### Problem description
Find the line below with "Входная дверь Армада". Print it and every line after it exactly, through the last line, leaving out the pictures.

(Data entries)
● ● ● ● ●

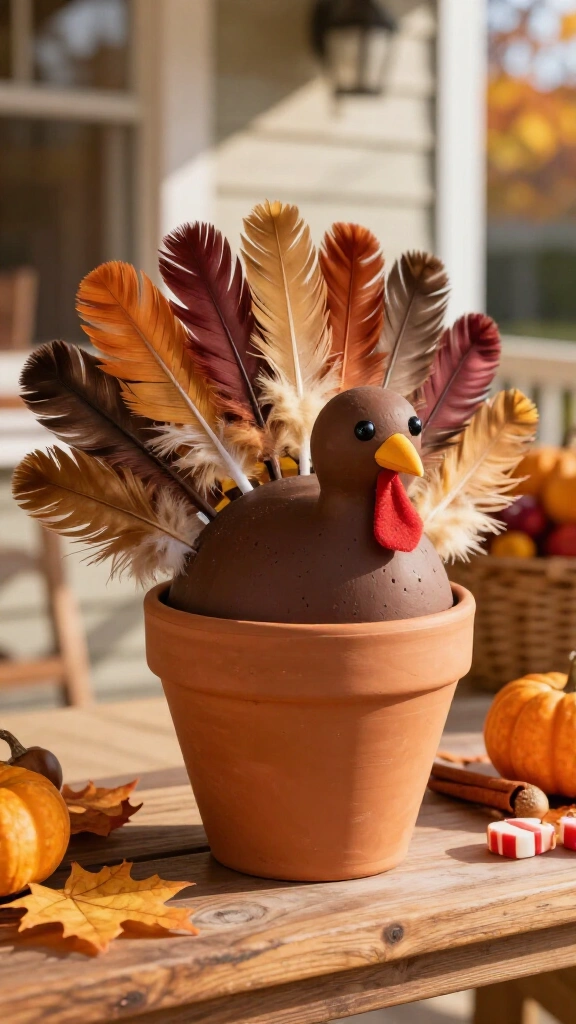 Terra cotta pot turkey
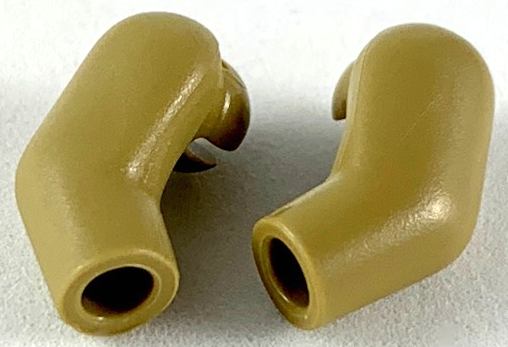 Lego Arm, (Matching Left and Right) Pair / Dark Tan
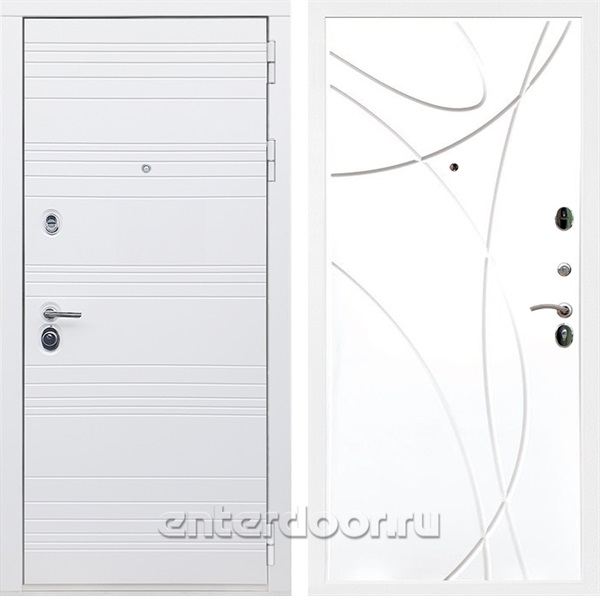 Входная дверь Армада Италия ФЛ-247 (Белый матовый / Белый матовый) - фото 84811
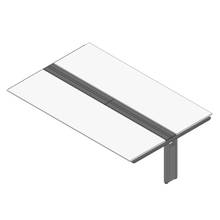 アフィーノ ワークベンチ JVB-2816TEN-TL 両面タイプ 連増セット アルミ塗装脚 W2800×D1600 ［天板：ホワイトW］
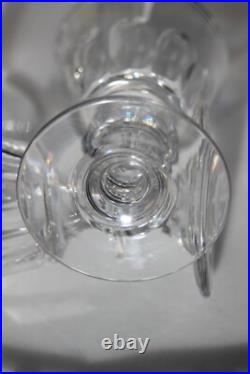 6 verres à vin blanc anciens en cristal taillé cotes plates Baccarat Caton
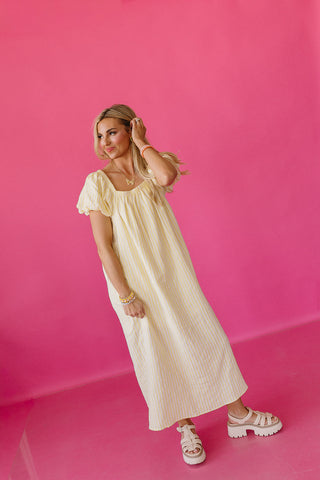 Tanner Puff Sleeve Maxi Dress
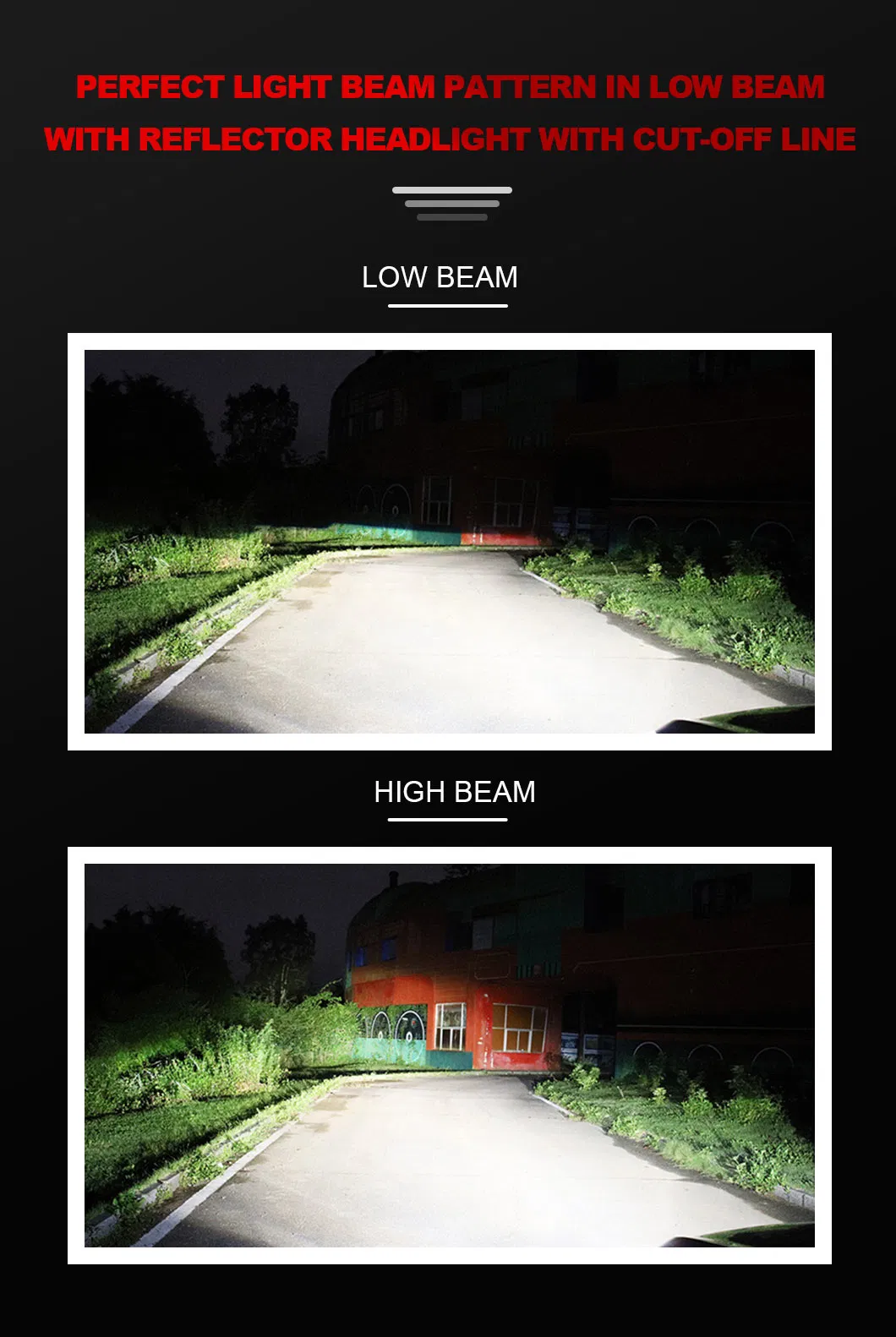 Auto Lighting System 6000K 52W 12V Light LED Car Lamp H4 H11 9005 H7 Canbus LED Headlight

● ● ● ● ●

### Answer box
 Входная дверь Армада Италия ФЛ-247 (Белый матовый / Белый матовый) - фото 84811
 アフィーノ ワークベンチ JVB-2816TEN-TL 両面タイプ 連増セット アルミ塗装脚 W2800×D1600 ［天板：ホワイトW］
 6 verres à vin blanc anciens en cristal taillé cotes plates Baccarat Caton
 Tanner Puff Sleeve Maxi Dress
 Auto Lighting System 6000K 52W 12V Light LED Car Lamp H4 H11 9005 H7 Canbus LED Headlight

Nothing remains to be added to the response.